Dynamic calls to (non-method) functions are treated similar to interfaces of a single method. And calls made using reflection are considered to reach any method of any type used in an interface conversion, or any type derivable from one using the reflect package. But the principle is the same in all cases.

Tests

RTA is a whole-program analysis. That means it always starts from a main function and works forward: you can't start from a library package such as encoding/json.

However, most library packages have tests, and tests have main functions. We don't see them because they are generated behind the scenes of go test, but we can include them in the analysis using the -test flag.

If this reports that a function in a library package is dead, that's a sign that your test coverage could be improved. For example, this command lists all the functions in encoding/json that are not reached by any of its tests:

$ deadcode -test -filter=encoding/json encoding/json
encoding/json/decode.go:150:31: unreachable func: UnmarshalFieldError.Error
encoding/json/encode.go:225:28: unreachable func: InvalidUTF8Error.Error

(The -filter flag restricts the output to packages matching the regular expression. By default, the tool reports all packages in the initial module.)

Soundness

All static analysis tools necessarily produce imperfect approximations of the possible dynamic behaviors of the target program. A tool's assumptions and inferences may be “sound”, meaning conservative but perhaps overly cautious, or “unsound”, meaning optimistic but not always correct.
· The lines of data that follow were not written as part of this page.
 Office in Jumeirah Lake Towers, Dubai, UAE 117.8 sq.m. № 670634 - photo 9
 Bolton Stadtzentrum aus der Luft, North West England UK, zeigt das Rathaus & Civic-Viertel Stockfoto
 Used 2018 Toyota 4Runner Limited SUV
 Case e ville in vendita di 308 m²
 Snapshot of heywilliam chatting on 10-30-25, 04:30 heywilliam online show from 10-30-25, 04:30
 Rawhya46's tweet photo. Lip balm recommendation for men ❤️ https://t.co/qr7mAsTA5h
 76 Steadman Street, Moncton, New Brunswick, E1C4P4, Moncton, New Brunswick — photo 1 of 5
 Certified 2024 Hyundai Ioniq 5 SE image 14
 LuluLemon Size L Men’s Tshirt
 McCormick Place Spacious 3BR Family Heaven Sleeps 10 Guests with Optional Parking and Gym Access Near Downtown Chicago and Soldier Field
The deadcode tool is no exception: it must approximate the set of targets of dynamic calls through function and interface values or using reflection. In this respect, the tool is sound. In other words, if it reports a function as dead code, it means the function cannot be called even through these dynamic mechanisms. However the tool may fail to report some functions that in fact can never be executed.

The deadcode tool must also approximate the set of calls made from functions not written in Go, which it cannot see. In this respect, the tool is not sound. Its analysis is not aware of functions called exclusively from assembly code, or of the aliasing of functions that arises from the go:linkname directive. Fortunately both of these features are rarely used outside the Go runtime.

Try it out

We run deadcode periodically on our projects, especially after refactoring work, to help identify parts of the program that are no longer needed.

With the dead code laid to rest, you can focus on eliminating code whose time has come to an end but that stubbornly remains alive, continuing to drain your life force. We call such undead functions “vampire code”!

Please try it out:

$ go install golang.org/x/tools/cmd/deadcode@latest

We've found it useful, and we hope you do too.